Company T is a small job-shop that undertook lean as a Direct funded member in 2007. The NZTE subsidy had convinced the SMT to commit to lean but the SMT showed no commitment to change and relied on the consultant to drive the programme. The consultant drove the initiative for 12 months with little success. The organisation did not have a strategy for change, they placed little emphasis on developing the lean champion’s capabilities to drive changes and their overall focus on staff training was poor. They also found it difficult to adapt lean into their job-shop environment due to their poor understanding of lean. Overall their progress with lean was inconsequential.

Case study F

Company J is a small job-shop that implemented the 20 Keys in 2007. Although the SMT was committed to the initiative, their understanding of lean was purely tools based. This lack of understanding together with a poor change strategy, high staff resistance and lack of implementation know-how on the shop floor meant that they had not sustained their lean transformation. They also struggled to apply the concepts of the 20 Keys to their job-shop environment.

Case study G

Company D is a large NZ company that implemented the 20 Keys programme in 2005. They made little progress over the five years they attempted lean and have primarily focused on ‘cleaning and organising’ of the manufacturing operations. The

NZTE funding was the main driver behind their decision to undertake lean and the SMT were never committed to leading the changes. They had a tools based understanding of lean, lacked a champion to implement changes and they failed to develop a strategy for change. The combination of these factors meant that they failed to make any significant gains with the 20 Keys programme.

Case study H

Company K is a small job-shop that implemented the 20 Keys programme in 2007. They focused on ‘cleaning and organising’ the manufacturing department and staff development which resulted in considerable short-term gains in productivity.

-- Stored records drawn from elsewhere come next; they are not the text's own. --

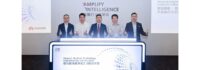 Huawei Launches Medical Technology Digitalization 2.0 Solution, Facilitating Precision Healthcare with AI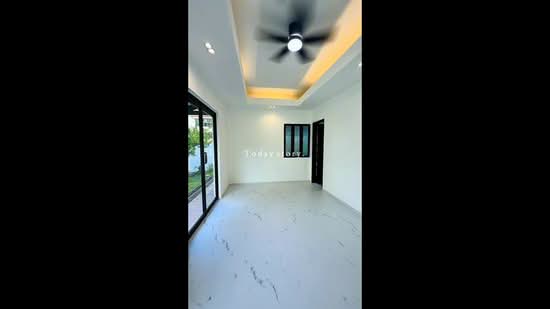 Newly Renovated Corner Terrace @ Minaret Walk, Minaret Walk, 5 Bedrooms, 2,500 sqft, Corner Terrace For Sale, by Razak ., 500203937 - PropertyGuru.com.sg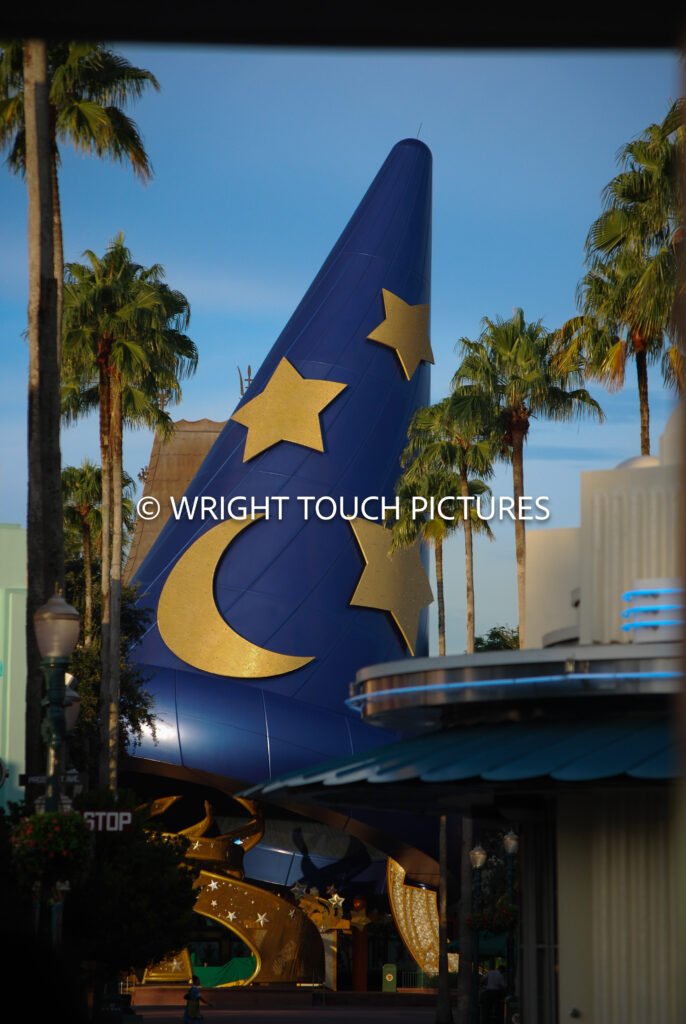 disney hollywood studions wm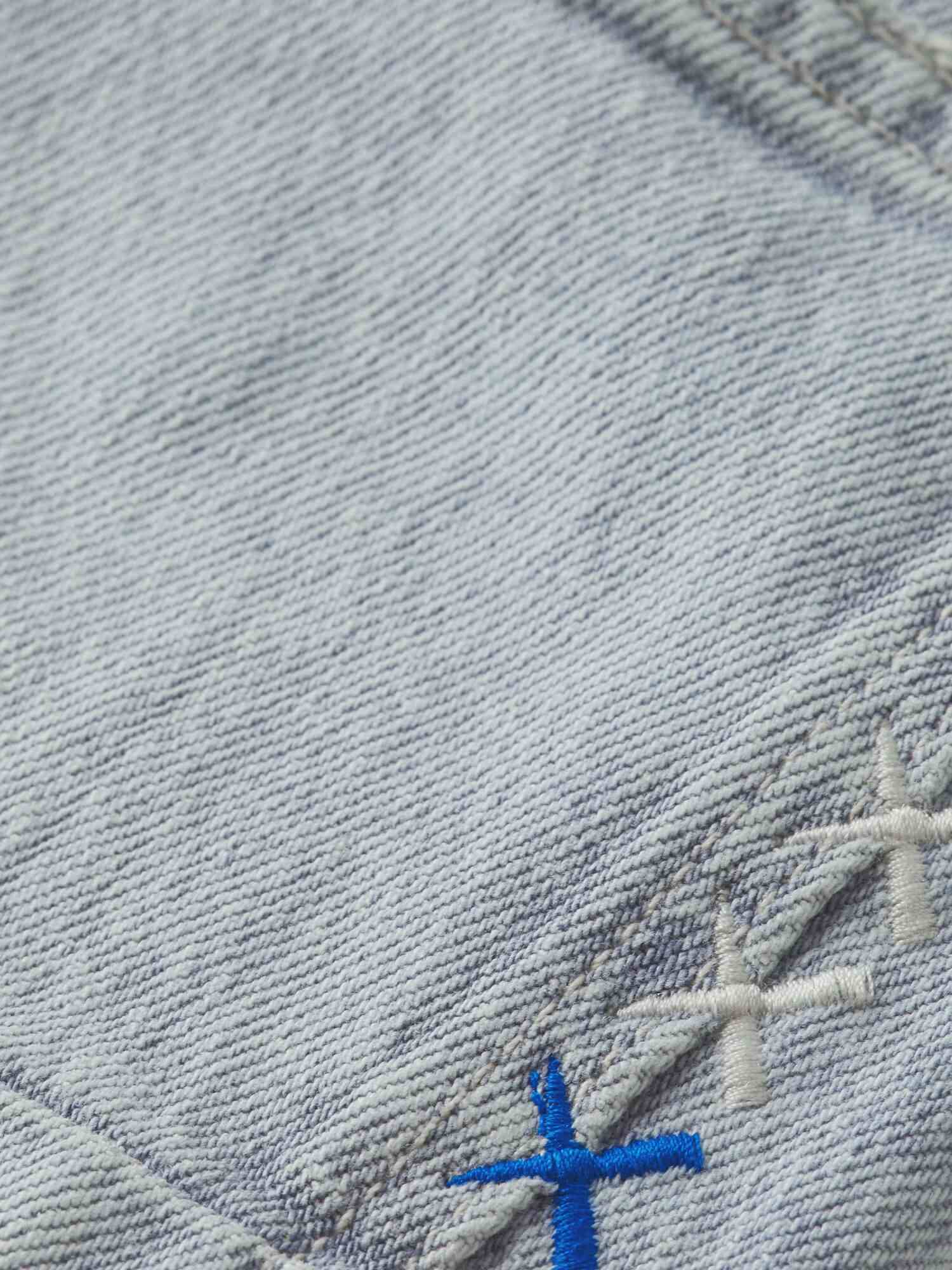Scotch & Soda  Ralston slim fit jeans — Good Vibes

Their understanding of lean was tools based and this erroneous understanding of lean together with a lack of SMT commitment, a poor change strategy and high staff turnover meant that they were unlikely to sustain lean.

Case study I

Company B is a large NZ company with several manufacturing sites across the country. They implemented 20 Keys at one of these sites in 2005. The NZTE funding had convinced the SMT to undertake the 20 Keys programme which they saw as a cost-cutting tool. They primarily focused on ‘cleaning and organising’ the manufacturing operations for two years before abandoning their lean transformation indefinitely due to financial stress.

Case studies J & K

Company G and P had gone into receivership as a result of the economic downturn some months before the data collection phase of this study. Company G undertook the 20 Keys programme in 2006 and Company P undertook the Direct approach in 2007 and neither succeeded in embedding a CI culture.